Even though technology is an integral part of our everyday lives, it can be hard to keep up with the ever changing digital world our children are growing up in. It is extremely important to stay educated about ways to keep our children's experiences in the cyber world safe
This site contains internet safety tips and resources for students, parents and teachers. Please check back frequently for updated information.
- Never give out personal information to strangers.
Personal information includes your...
- Phone Number
- Parent's or Siblings Names
- Remember that anyone you meet online, and don't know in your real life is a stranger. It doesn't matter how much they tell you about themselves, they are a stranger.
- Never post/send your picture to anyone without your parents permission
- If anything or anyone makes your feel uncomfortable, tell a trusted adult.
- Use Netiquette. Be polite online and don't do anything that hurts anyone else.
- Do not respond to any messages that are mean or make you uncomfortable. Instead, tell a trusted adult.
- Never agree to meet someone you met online or tell them where you are going to be.
- Only share your password with trusted adults. Don't share them with your friends.
- When choosing a screen name or a username, don't include any personal information.
- Invite your parents to surf your favorite sites or play your favorite games with you. Show them how responsible you are and how much fun you can have online. The more your parents know, the safer you will be!
- Help your kids understand that they should never share their names, schools, ages, phone numbers, or addresses.
- Visit only age-appropriate sites.
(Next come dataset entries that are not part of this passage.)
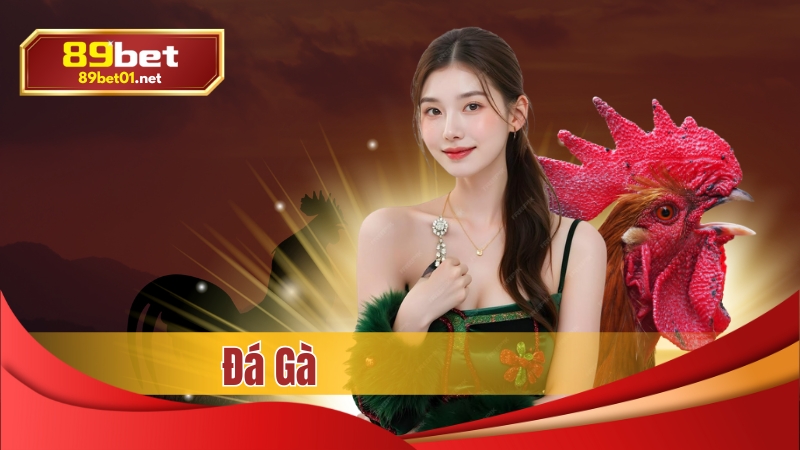 đá gà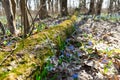 Photo of the first flowers after winter growing in the wild forest.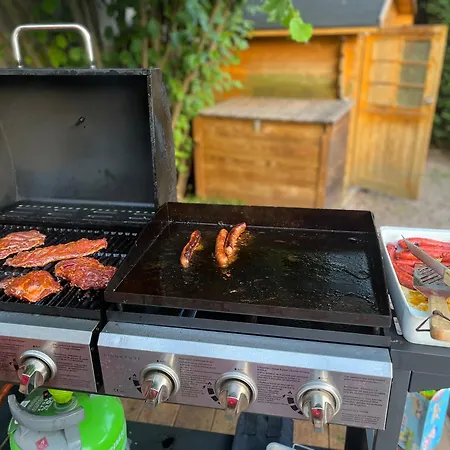 Avril 15 Pers- Location De Prestige , 2 Piscines Interieur Et Exterieur Et Sauna * Sélestat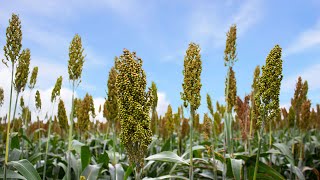 El Cultivo de Sorgo  Paso a Paso [upl. by Leander]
Check out the site before your kids visit it. Know what features and what content exist and make sure they’re good for your kids.
- Search safely. Use safe search settings for young kids or think about applying filtering software to limit inappropriate exposure.
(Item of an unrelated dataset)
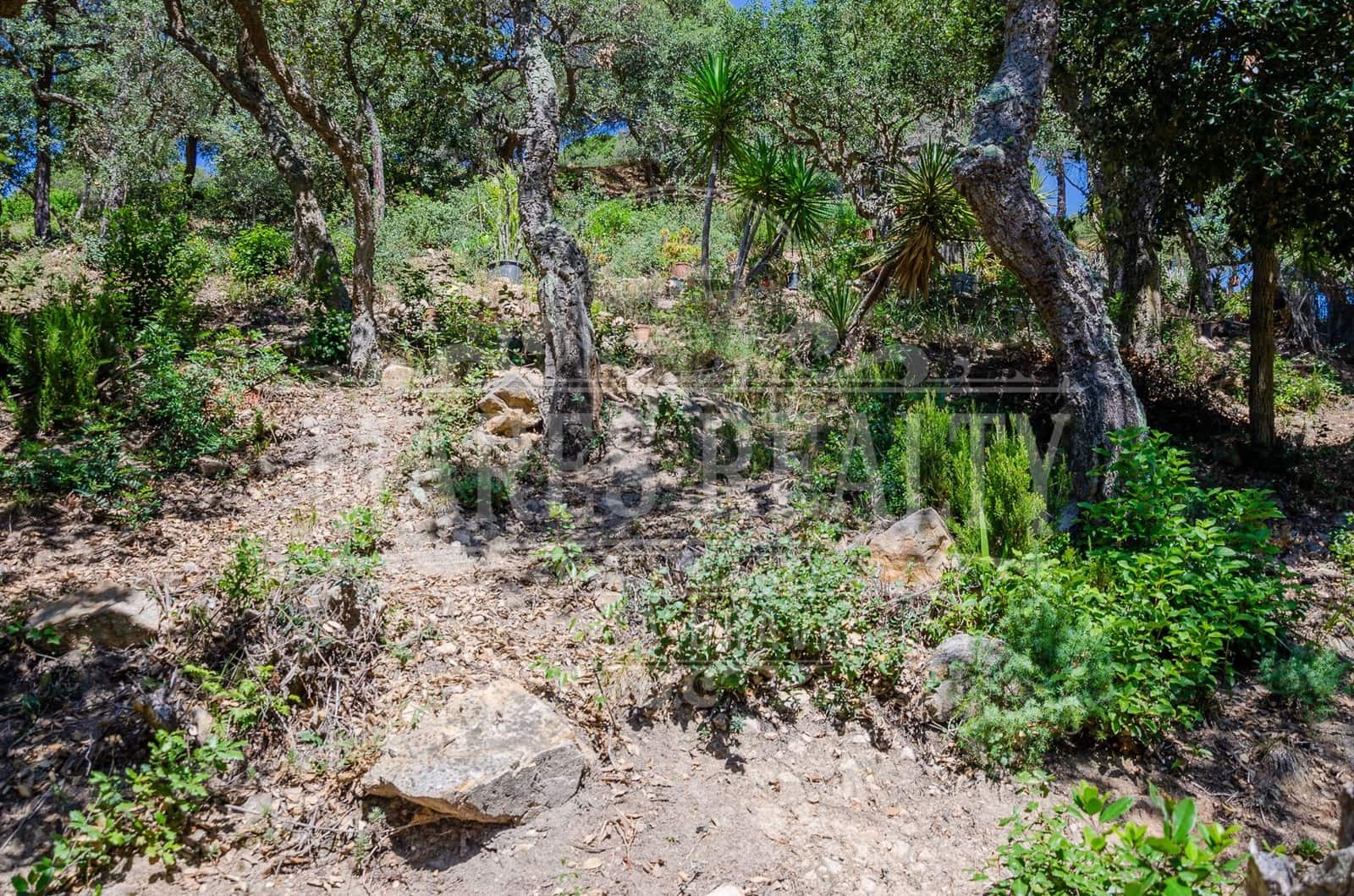 Grond te koop in Lloret de Mar - € 106.000 (Ref: 7458212)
- Avoid strangers. Tell your kids that people aren’t always who they say they are in cyberspace. Explain that if someone they don’t know talks to them, they shouldn’t respond but should let you know.
- Be a good cyber citizen! Remind kids that an Internet playground is still a playground and they need to play nicely. A good rule of thumb: If they wouldn’t do something in real life, they shouldn’t do it online. Find out how your children can report mean behavior or unkind content on their favorite sites and teach them how to do it.
- Online cheating? It’s still cheating and it’s a no-no — pure and simple.
- Keep the computer in a central place. So you can see what’s going on.
- Establish expectations and limits about the amount of time your children spend online and what they do. Check out our family media agreement for a helpful place to start.
- View your own habits carefully. You are their role models.
- But, mostly, be involved and have fun with them! Keeping kids safe and teaching them how to use digital technology responsibly is all about staying involved. Start by showing interest in the sites they visit and the games they play and your job will be a lot easier when they start exploring these technologies more independently.
- Use the Internet! Don't allow possible problems with internet use stop you from making the most of technology both in your professional and personal life.
- Make sure you are aware of the school's guidelines for internet use for students and teachers.
- Teach your students about Internet Safety, regularly and authentically. Make the most of online resources such as NetSmartz and I-Safe.
- Choose sensible names for your usernames, email addresses, and passwords. Model to your students about how to choose a safe password. A safe password should have at least: 1 capital letter, 1 lower case letter, 1 symbol, and 1 number. Passwords should be 8 characters long.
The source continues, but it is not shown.